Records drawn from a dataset

* * *

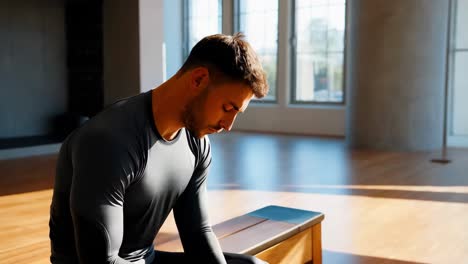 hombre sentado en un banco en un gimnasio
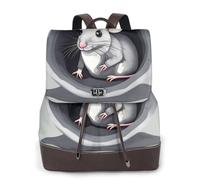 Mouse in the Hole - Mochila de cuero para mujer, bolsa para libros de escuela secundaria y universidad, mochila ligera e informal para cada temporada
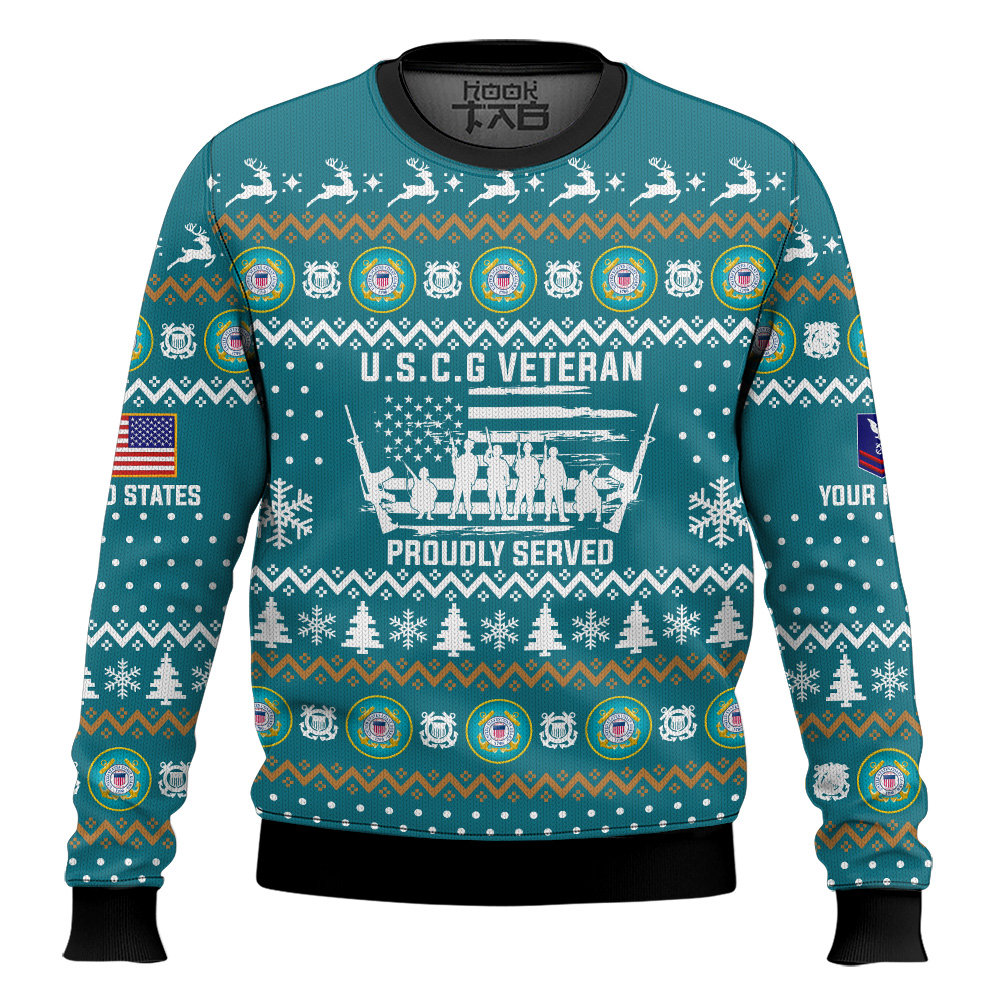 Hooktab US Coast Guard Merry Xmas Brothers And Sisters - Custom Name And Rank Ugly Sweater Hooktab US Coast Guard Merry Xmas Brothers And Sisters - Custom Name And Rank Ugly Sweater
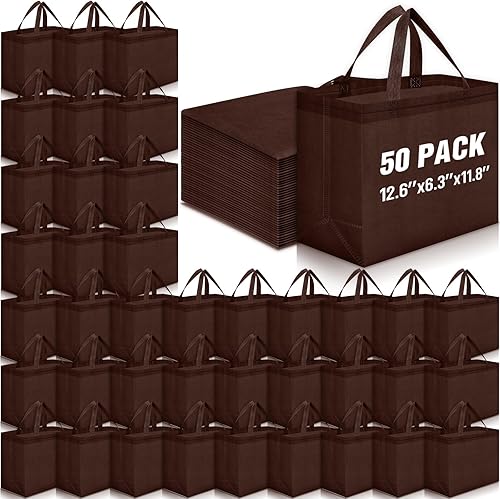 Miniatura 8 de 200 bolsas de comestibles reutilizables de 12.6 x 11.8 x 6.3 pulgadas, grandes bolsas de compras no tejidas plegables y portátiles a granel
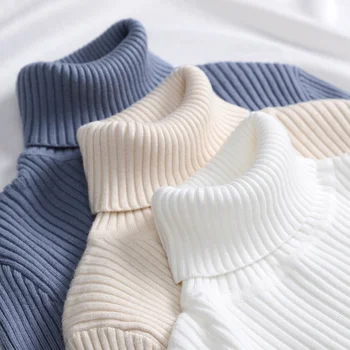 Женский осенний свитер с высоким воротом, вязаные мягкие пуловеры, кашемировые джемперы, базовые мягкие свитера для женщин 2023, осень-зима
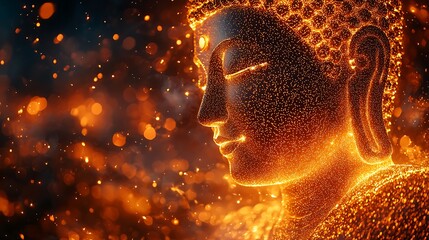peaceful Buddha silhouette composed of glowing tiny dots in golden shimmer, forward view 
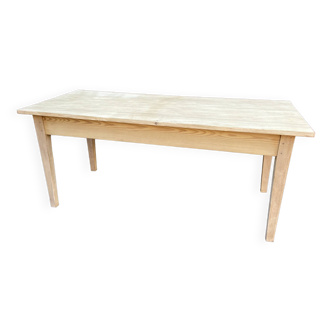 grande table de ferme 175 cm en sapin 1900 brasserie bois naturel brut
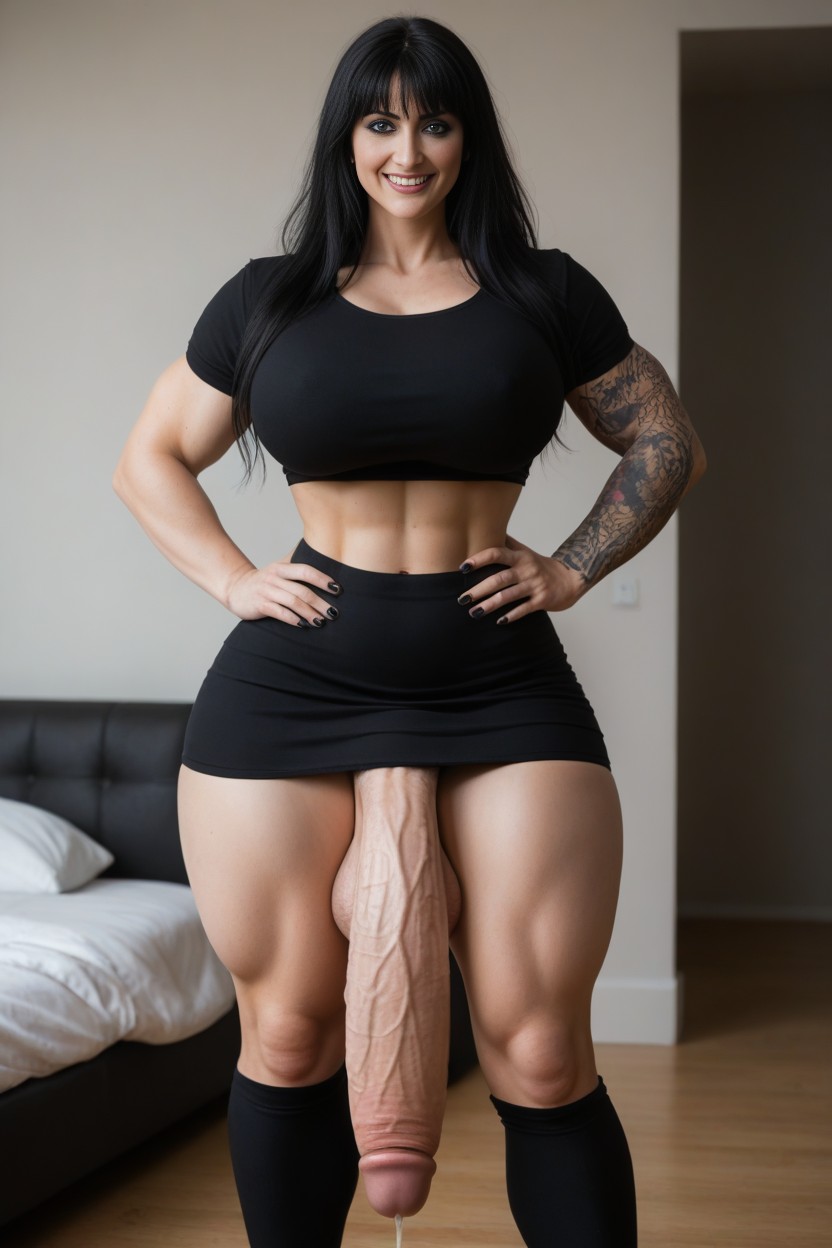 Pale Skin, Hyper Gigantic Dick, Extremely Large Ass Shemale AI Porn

* * *

• How to complete this task
Omit the pictures. Repeat the rest of the data exactly.

• Exercise output
 hombre sentado en un banco en un gimnasio
 Mouse in the Hole - Mochila de cuero para mujer, bolsa para libros de escuela secundaria y universidad, mochila ligera e informal para cada temporada
 Hooktab US Coast Guard Merry Xmas Brothers And Sisters - Custom Name And Rank Ugly Sweater Hooktab US Coast Guard Merry Xmas Brothers And Sisters - Custom Name And Rank Ugly Sweater
 Miniatura 8 de 200 bolsas de comestibles reutilizables de 12.6 x 11.8 x 6.3 pulgadas, grandes bolsas de compras no tejidas plegables y portátiles a granel
 Женский осенний свитер с высоким воротом, вязаные мягкие пуловеры, кашемировые джемперы, базовые мягкие свитера для женщин 2023, осень-зима
peaceful Buddha silhouette composed of glowing tiny dots in golden shimmer, forward view 
 grande table de ferme 175 cm en sapin 1900 brasserie bois naturel brut
 Pale Skin, Hyper Gigantic Dick, Extremely Large Ass Shemale AI Porn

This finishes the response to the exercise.